La razón por la que me gusta tanto Portugal la resume Borges en una entrevista que leí hace tiempo (aquí): Portugal sabe que ha perdido un imperio. Los españoles no saben que lo han perdido. Hay algo en esa serena falta de afectación que aleja a los portugueses del síndrome español del nuevo rico y les convierte en la antítesis de los franceses, que todavía parecen convencidos de ser un imperio y que, así -en general y seguro que con millones de excepciones- me resultan insufribles y de los ingleses, que, aunque no me resultan tan antipáticos como los franceses, porque sintonizo bien con su sentido de la ironía, últimamente no me dan más que disgustos.

Como no hay mal que por bien no venga, mucho me temo que mis próximos viajes serán, por fuerza, de proximidad: Asturias, León, Zamora. Algo de playa. Granada, quizás. En fin, que, en esta situación, confinado y recluido, todos los destinos me parecen fascinantes. Dentro de un mes, con sus cuatro semanas adicionales de cautiverio, intuyo que estaré ansioso por visitar, como lo hacen las gaviotas, hasta el vertedero municipal de residuos urbanos con tal de ver la luz del sol esparcirse sobre restos de plástico. Y no porque se esté mal en casa, sino porque, vamos a reconocerlo, lo que resulta muy difícil de aceptar es que tengamos que estar dos meses sin salir porque alguien (da igual que fuera un chino comiendo fideos que un señor de Móstoles fabricando empanadillas) le hincó el diente a un bicho con escamas que tiene toda la pinta, además, de ser de lo más indigesto. Tiene cojones la cosa.

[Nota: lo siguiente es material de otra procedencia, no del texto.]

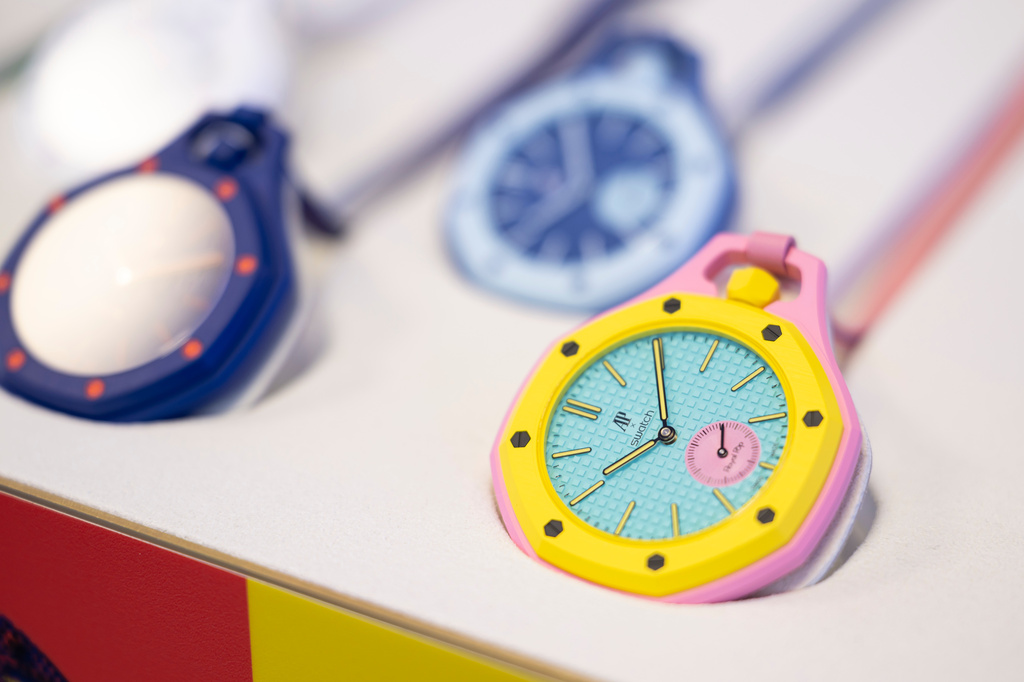The new Royal Pop watches by Swatch and Audemars Piguet, at the Swatch Drive-Thru Store next to Swatch headquarters in Biel/Bienne, Switzerland, Saturday, May 16, 2026. (Anthony Anex/Keystone via AP)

PD. Otra cosa buena del confinamiento es que como el Congreso anda decaído no tengo que asistir al sonrojante espectáculo que nos proporcionan siempre ese formidable dúo de inmorales, zafios y buenos para nada formado por Lastra y Ábalos, que ayer mismo firmaban una carta exaltando a la militancia, al modo comunista tradicional, para que mantuviera prietas las filas y tragara con lo que fuera menester. Y la verdad es que, entenderlo, uno lo entiende, porque si no fuera por las generosas ubres del partido que los acoge ¿dónde iban a encontrar acomodo esas dos criaturitas con las que la naturaleza ha sido tan cicatera?